The WFI is the primary scientific instrument for the Roman Space Telescope, NASA’s next flagship astrophysics mission. The instrument is an advanced visible-to-near-infrared imager with additional spectral capabilities that will capture highly detailed images over wide swaths of the sky, offering a field of view at least 100 times greater than its predecessor, the Hubble Space Telescope, with a similar resolution.
This instrument will dramatically improve the speed and scale of astronomical surveys, unlocking new insights into the mysteries of dark matter and dark energy, discovering distant galaxies and exoplanets, and studying how the structure of the universe has formed over billions of years.
BAE Systems designed and built the instrument’s opto-mechanical assembly, which includes the optical bench, element wheel, thermal control system, alignment compensation mechanism, and associated subsystem control electronics.
NASA Goddard build the instrument’s focal plane system, relative calibration system, diffraction elements for the element wheel, and the instrument command and data handling electronics. BAE Systems also led the integration of the WFI’s components, along with environmental testing to ensure it can withstand the stresses of a launch and the conditions it will face in space.
With the instrument delivered, the Goddard team will lead the effort to integrate the WFI into the instrument carrier and mate it to the spacecraft bus later this year. The Roman Space Telescope is scheduled to launch by May 2027.
The work on the Roman Space Telescope continues the BAE Systems Space & Mission Systems’ legacy of contributing to all of NASA’s flagship astrophysics missions, including the James Webb Space Telescope and the Great Observatories: the Hubble Space Telescope, Spitzer Space Telescope, Chandra X-ray Observatory, and the Compton Gamma-Ray Observatory. BAE Systems was also recently selected to conduct a research effort for NASA’s planned Habitable Worlds Observatory, called the Ultra-stable Large Telescope Research and Analysis Program – Critical Technologies (ULTRA-CT).
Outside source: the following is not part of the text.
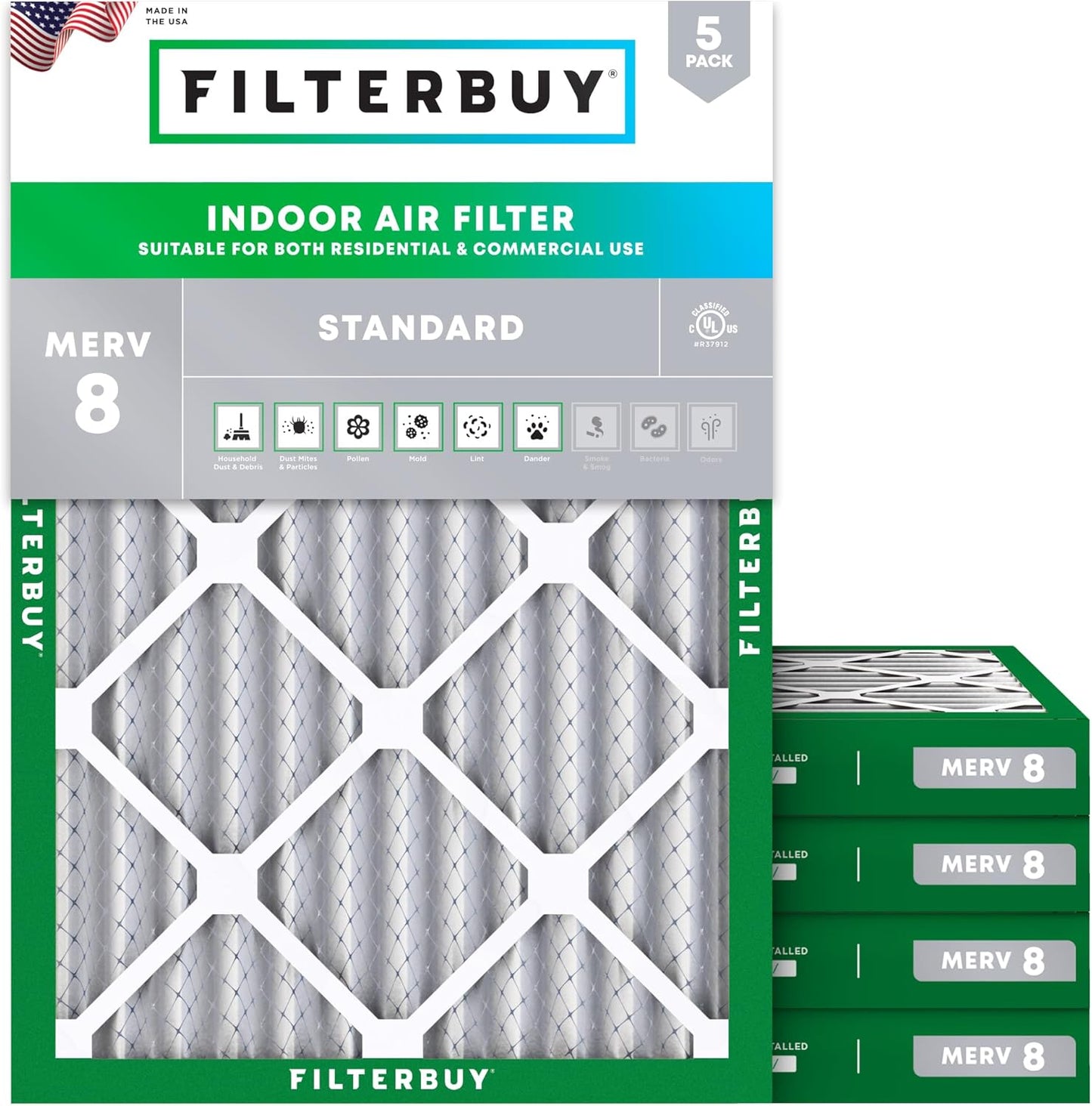 Filterbuy 16x20x2 Air Filter MERV 8 for Dust & Allergy Defense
“The Wide Field Instrument is one of the most sophisticated instruments ever constructed, and once it’s on orbit it will provide the scientific community with the most comprehensive surveys of the sky we’ve ever captured,” said Bonnie Patterson, senior director of civil space programs for BAE Systems Space & Mission Systems. “Our team is proud to support such an ambitious mission, and we look forward to seeing what amazing discoveries this instrument will help to make throughout the universe.”